▽
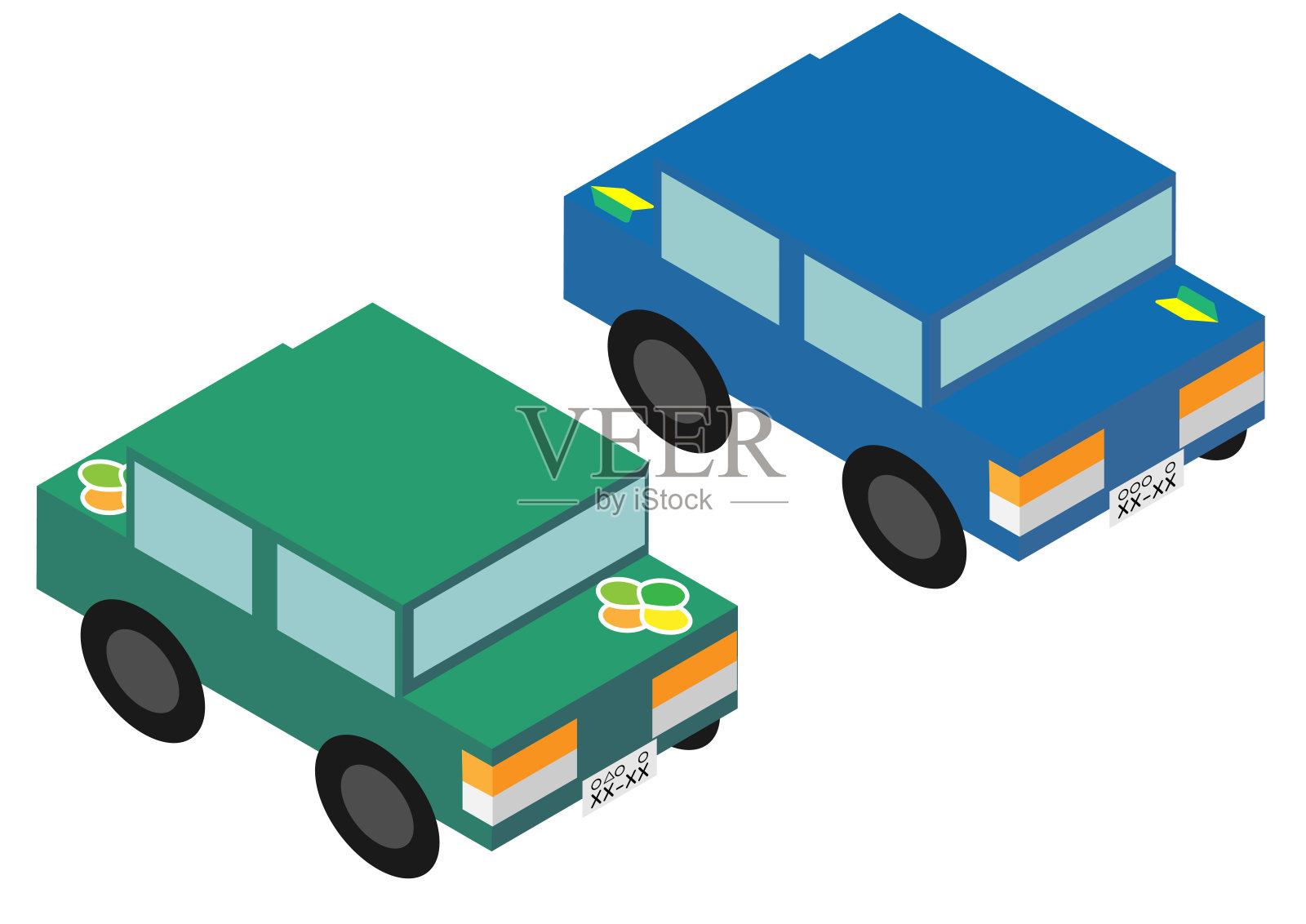 等距若叶标志和桃面标志车设计元素图片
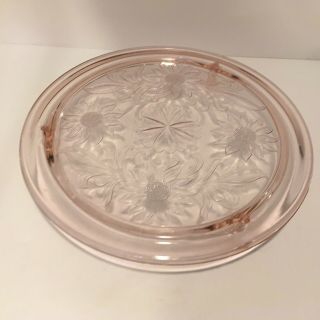 Vintage Pink Depression Glass Footed Cake Plate Daisy Etch Sunflower Flower 10 "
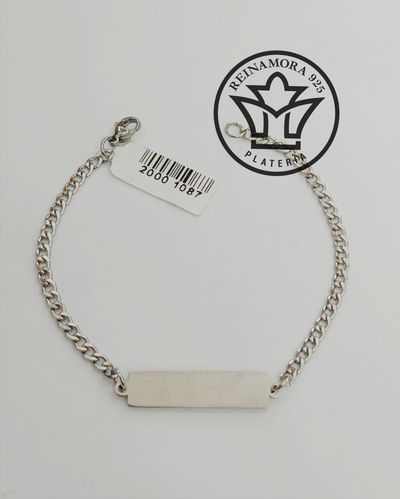 Pulsera Acero Quirurgico Identificatoria Doble pulido 28x7mm+ Grabado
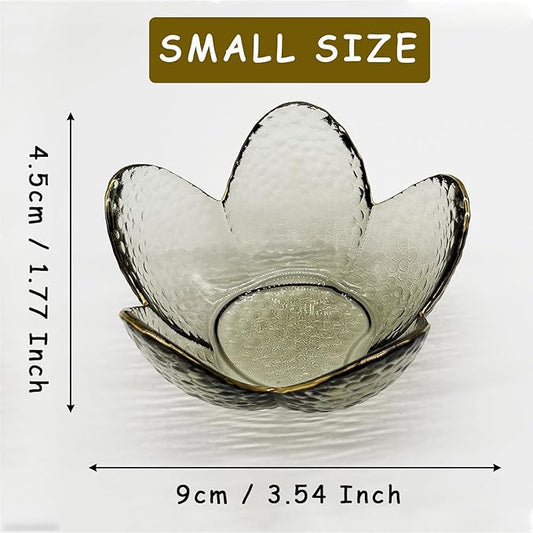 Flower Ring Dish Jewelry Tray, Glass Jewelry Dish Tray, Cute Room Decor Small Trinket Dish, Nightstand Jewlery Ring Holder, Bathroom Jewlery Plate Bowl for Earring Gift for Women (Smoky Black)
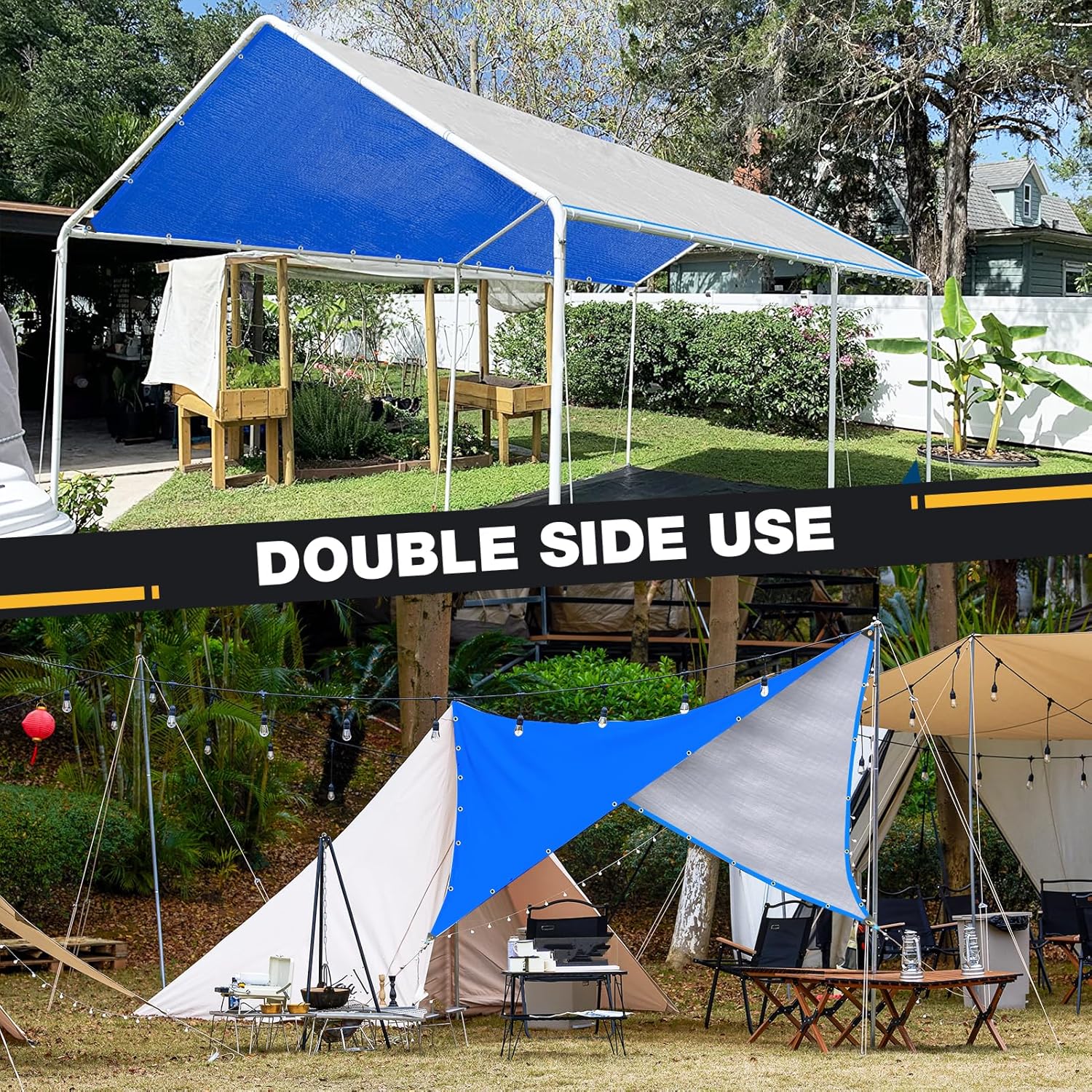 Tarp 10x12 Feet 14 Mil Heavy Duty Waterproof Tarp, Large Multipurpose Cover with Brass Grommets and Reinforced Edges, UV Resistant Thick Poly Tarps for Outdoor Camping Tent Pool Car, Blue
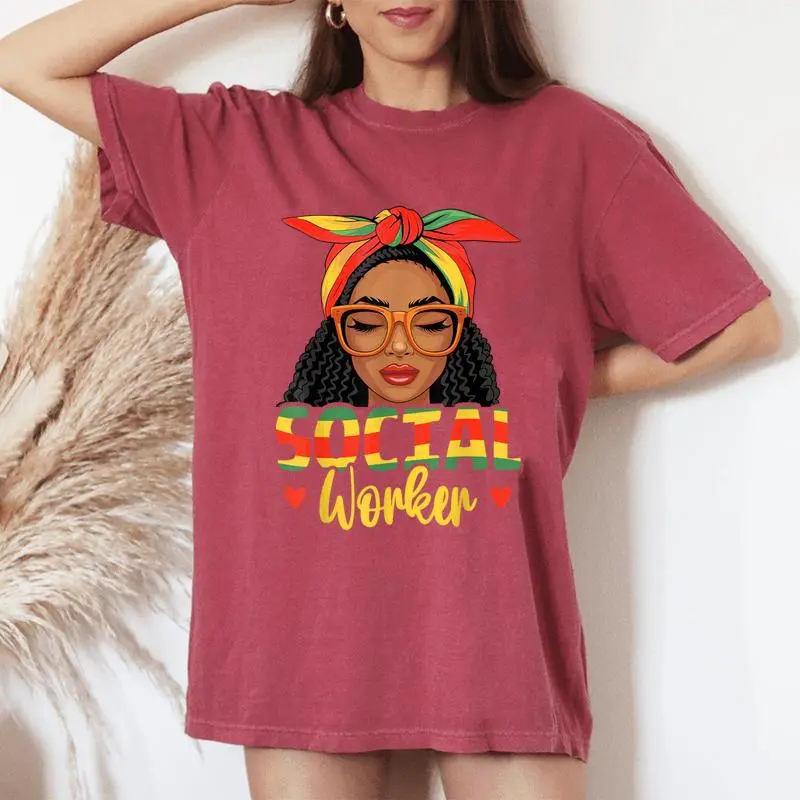Social Worker African American Black History Month Women's Oversized Comfort T-Shirt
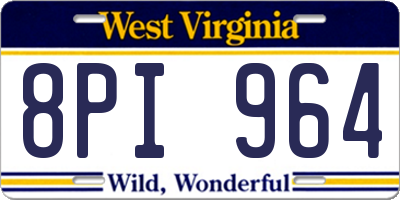 WV license plate 8PI964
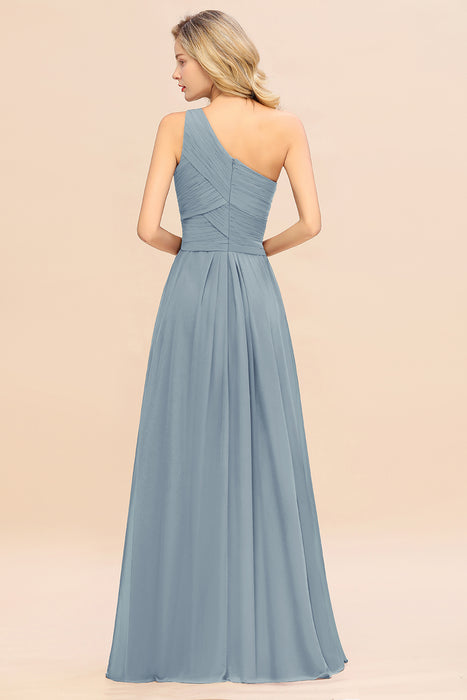 One Shoulder Aline Chiffon Bridesmaid Dress Long Wedding Guest Dress
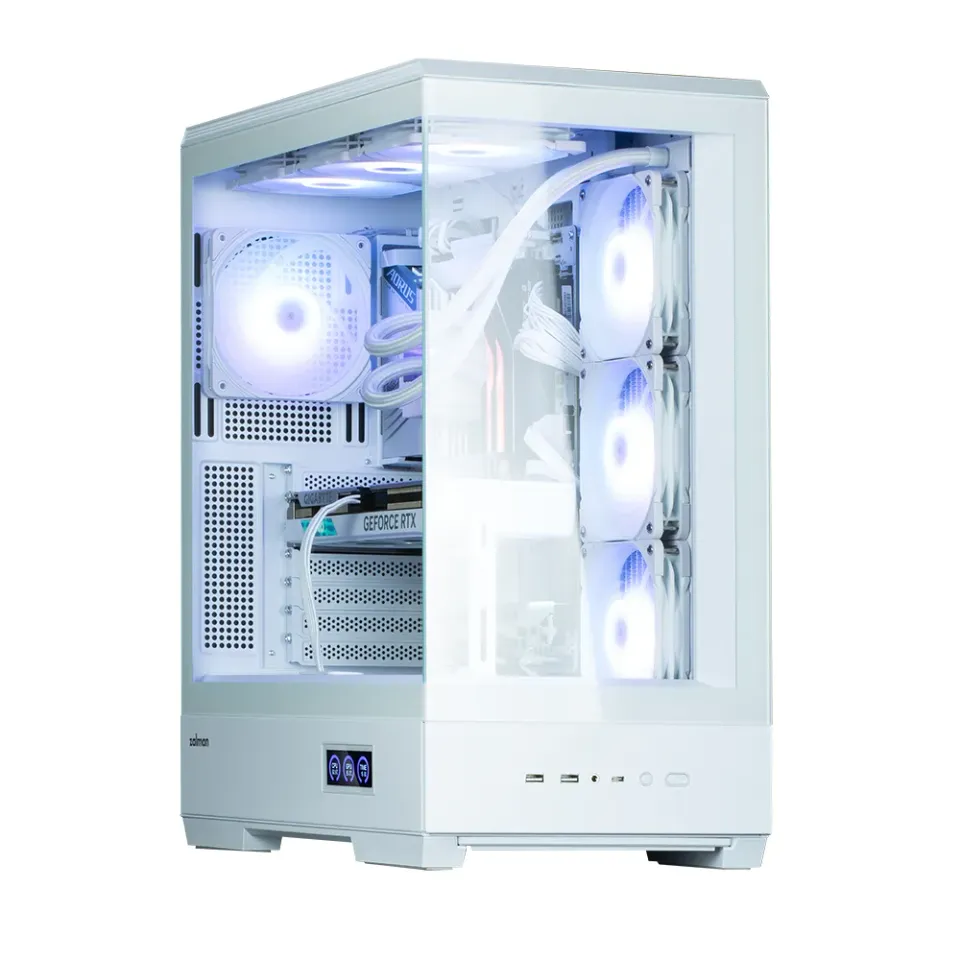 Zalman skříň P50 DS / Middle Tower / 4x120mm ARGB fan / 2x USB 3.0 / USB-C / panoramatická / bílá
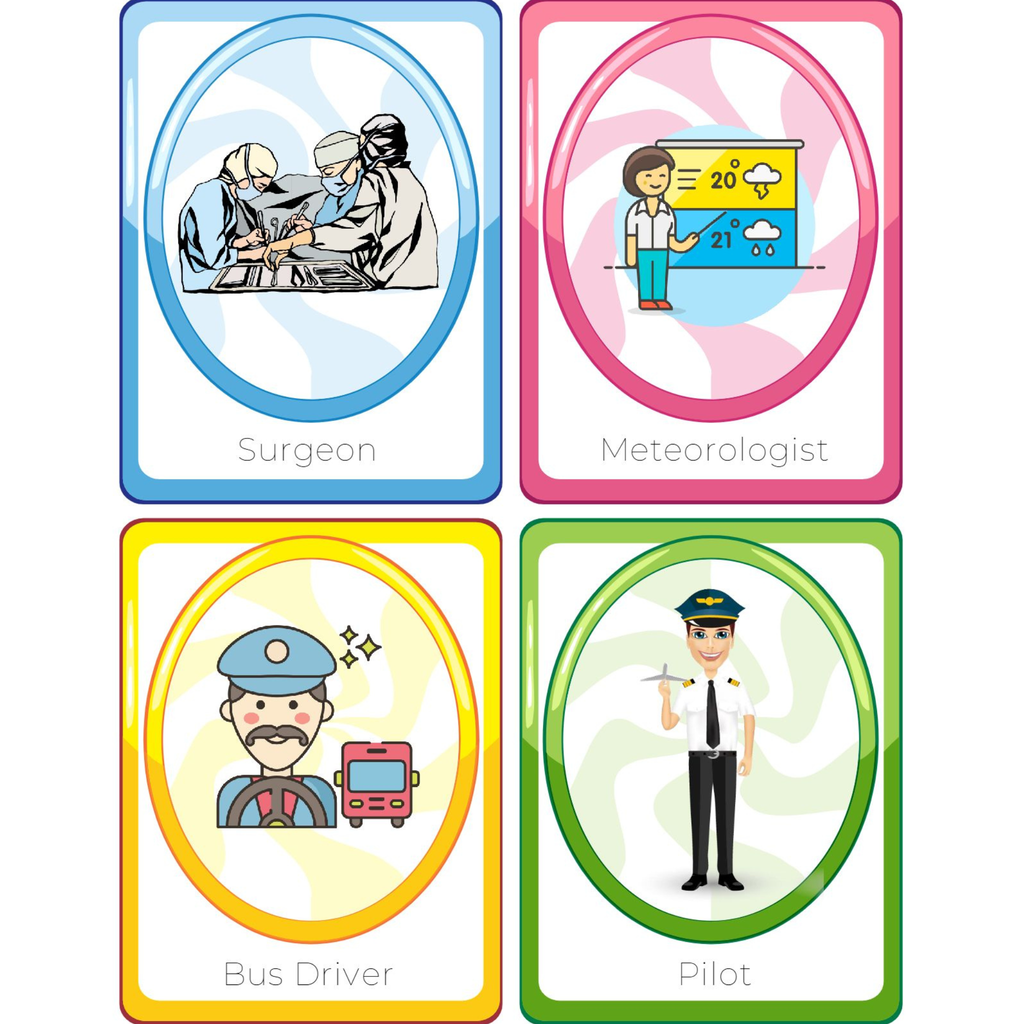 Community Helpers Professions Flashcards for Kindergarten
△
**What the task asks**
Each line between the one holding "Vintage Pink Depression" and the one holding "Pulsera Acero Quirurgico", inclusive, should be copied exactly as it appears above, and pictures should be omitted.

**Written answer**
 Vintage Pink Depression Glass Footed Cake Plate Daisy Etch Sunflower Flower 10 "
 Pulsera Acero Quirurgico Identificatoria Doble pulido 28x7mm+ Grabado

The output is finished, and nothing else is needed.